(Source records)
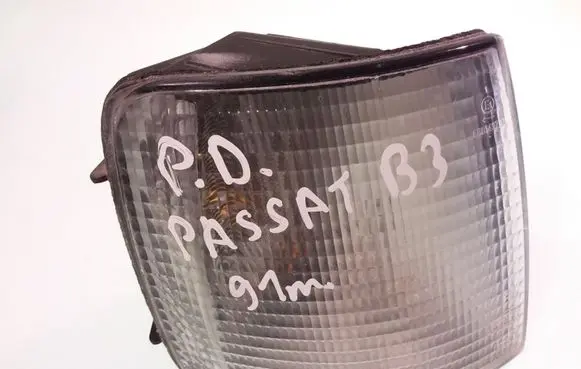 Volkswagen PASSAT B3 Front indicator light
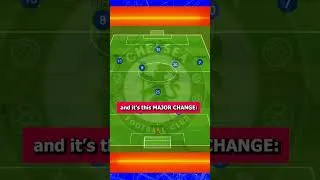 Thumbnail: Enzo Fernandez's NEW ROLE For Chelsea. #cfc #epl #shorts #shortsfeed feed #ytshorts #premierleague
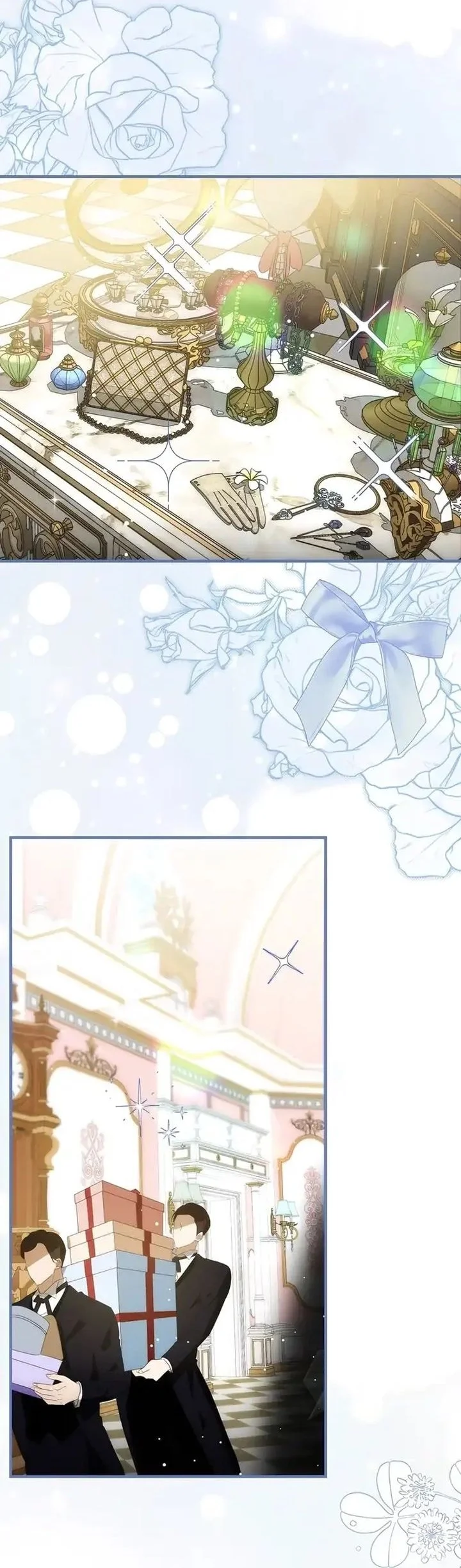 The Nerd Next Door Turned Out to Be the Magic Tower Master Chapter 47 Gambar 42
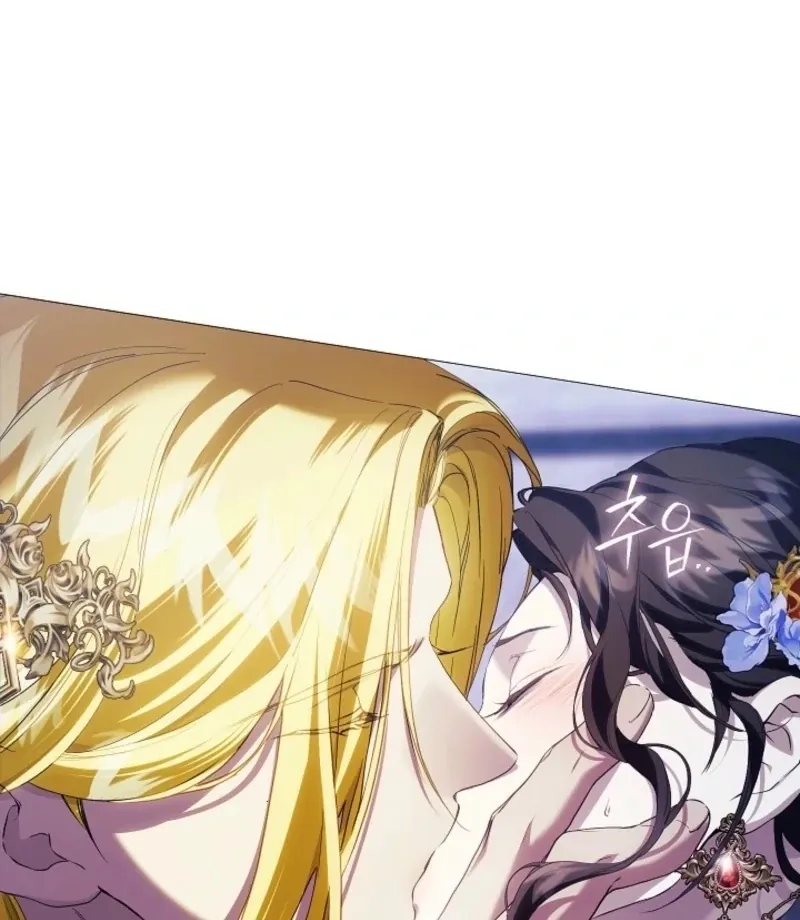 Read For the Goddesses: For Daphne chapter 13.1 image 134 on Lezhin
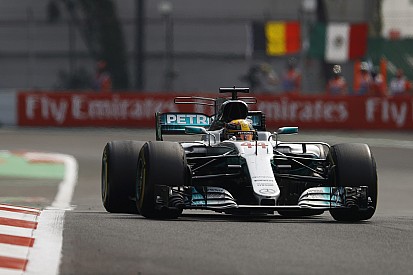 Hamilton, McLaren'ın 2018'de daha güçlü olmasını bekliyor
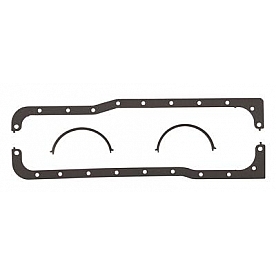 Mr. Gasket Oil Pan Gasket - 5890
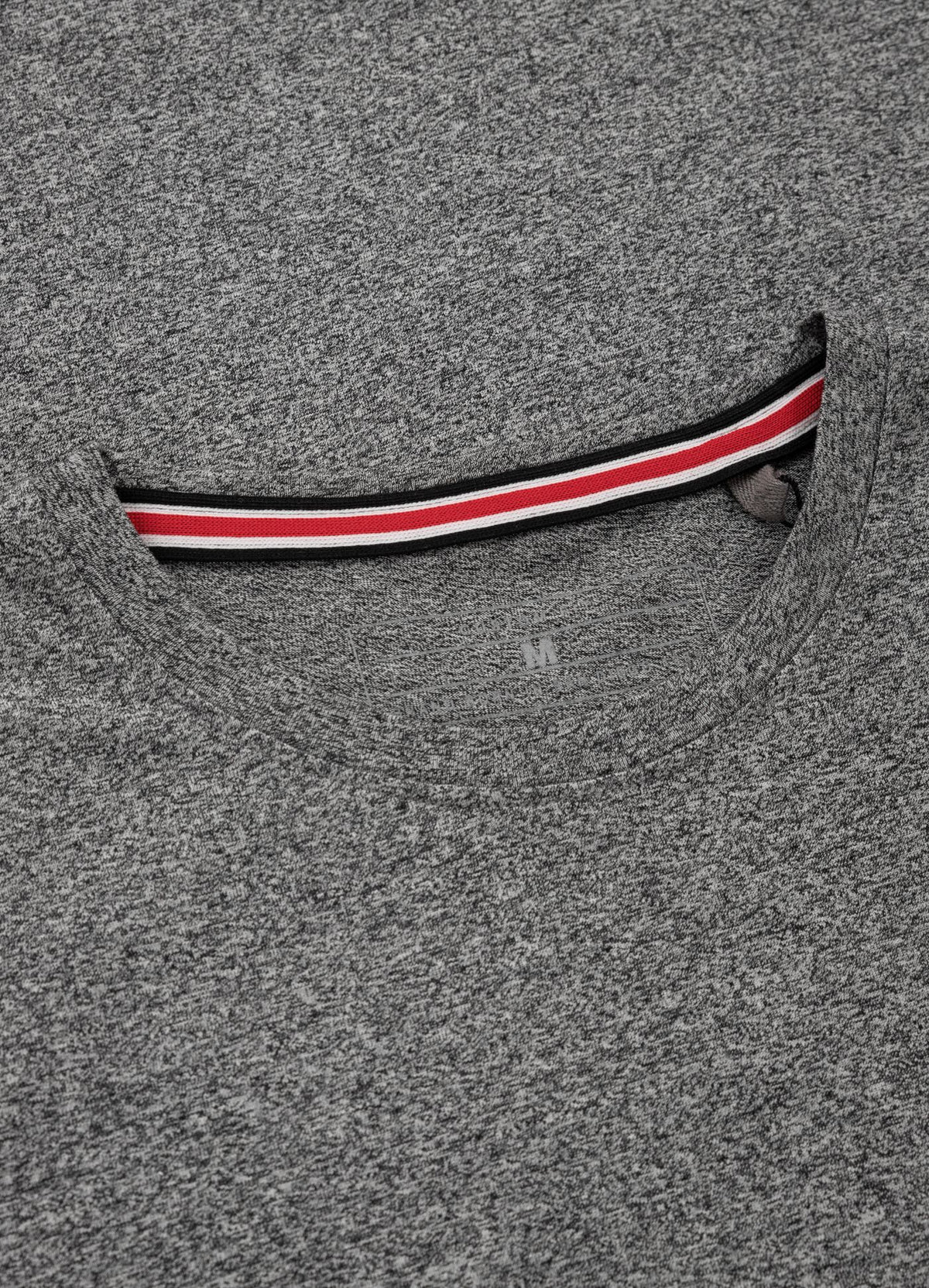T-Shirt Custom Fit Small Logo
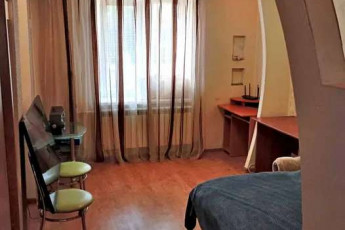 Сдам 1-кімнатну квартиру, Гагарина проспект, Спортивная метро, Код: 816537/4
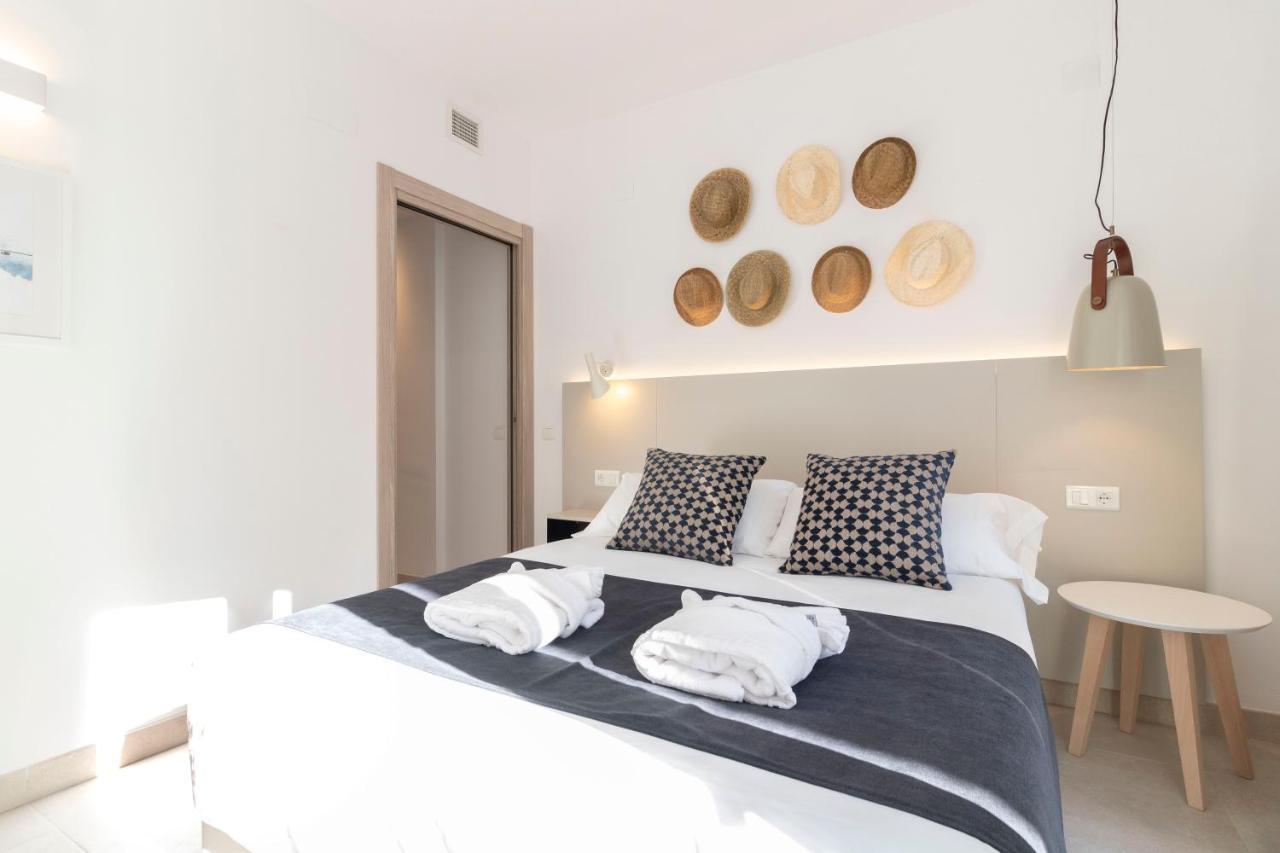 Calafell Home Apartments Екстериор снимка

## What you have to do:
Reproduce exactly, and only, the lines that begin at the one containing "Сдам 1-кімнатну квартиру, Гагарина" and end with the final line of the data, both included, while omitting every picture.

## Reply:
 Сдам 1-кімнатну квартиру, Гагарина проспект, Спортивная метро, Код: 816537/4
 Calafell Home Apartments Екстериор снимка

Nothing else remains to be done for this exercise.